To do
Take the line with "Oak Trail Shores Sec B - Residential" as the first and the last line of the data as the end. Write out both and every line between exactly, except pictures.

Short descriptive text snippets
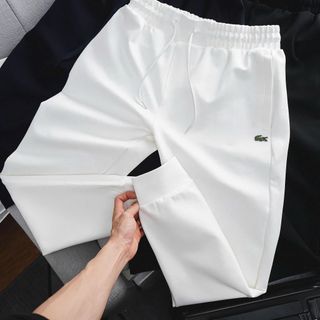 Quần jogger nam. Chất vải BC thích hợp mọi thời tiết, đề cao trải nghiệm người mặt.  Thiết kế logo trẻ trung phù hợp giới trẻ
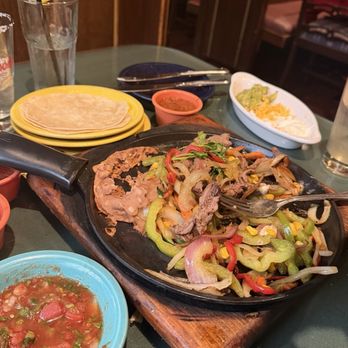 Mexico 1900 Restaurant - Fajitas - Mexican Near Me - La Mirada, California Mexico 1900 Restaurant - Fajitas - Mexican Near Me - La Mirada, California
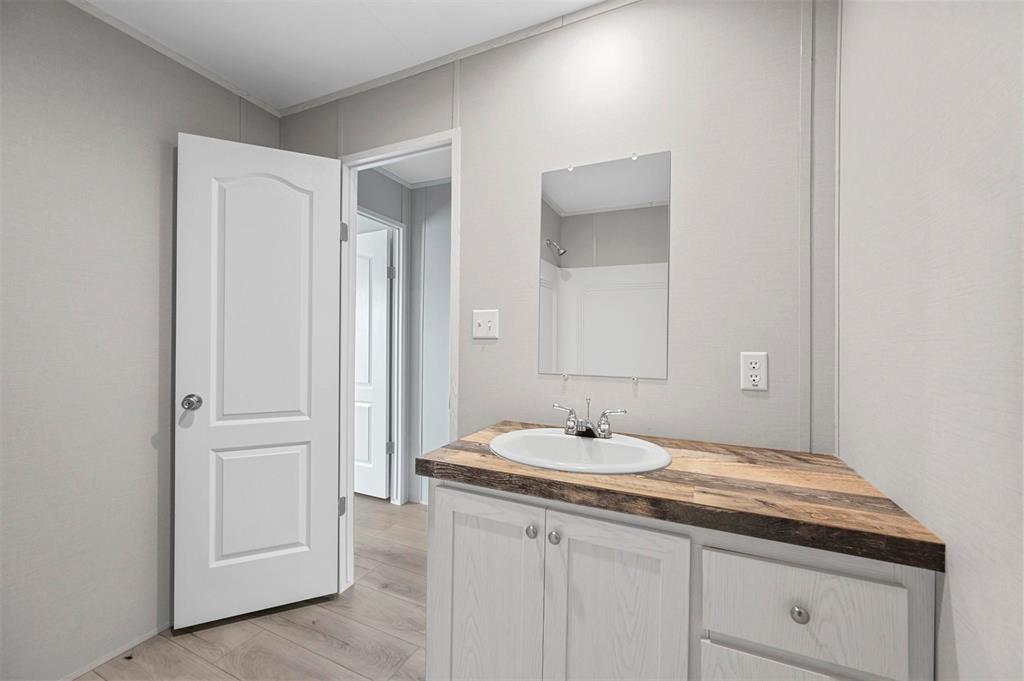 Oak Trail Shores Sec B - Residential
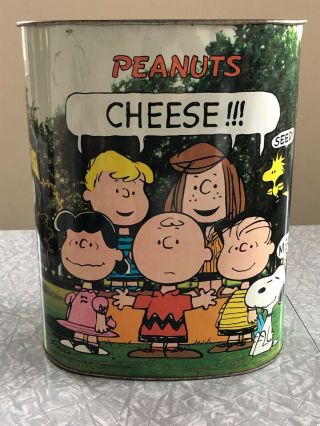 Vintage Peanuts Gang “cheese ” Metal Trash Can By Cheinco
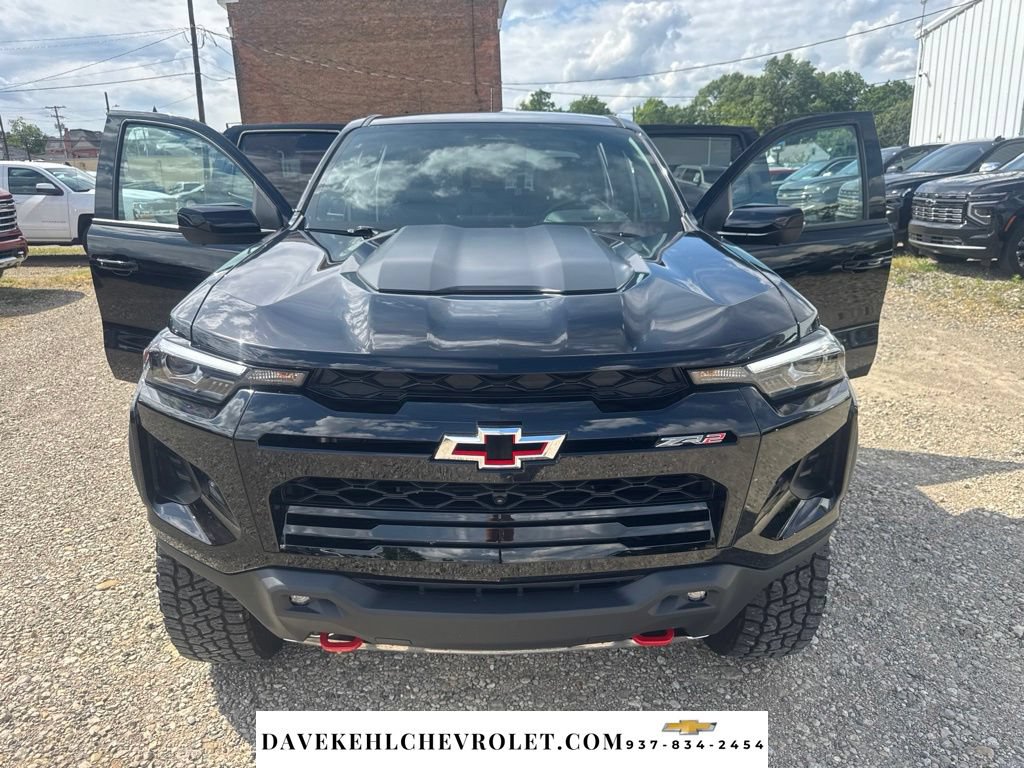Used 2025 Chevrolet Colorado ZR2 w/ Technology Package AWD/4WD image 42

Answer for this exercise
 Oak Trail Shores Sec B - Residential
 Vintage Peanuts Gang “cheese ” Metal Trash Can By Cheinco
Used 2025 Chevrolet Colorado ZR2 w/ Technology Package AWD/4WD image 42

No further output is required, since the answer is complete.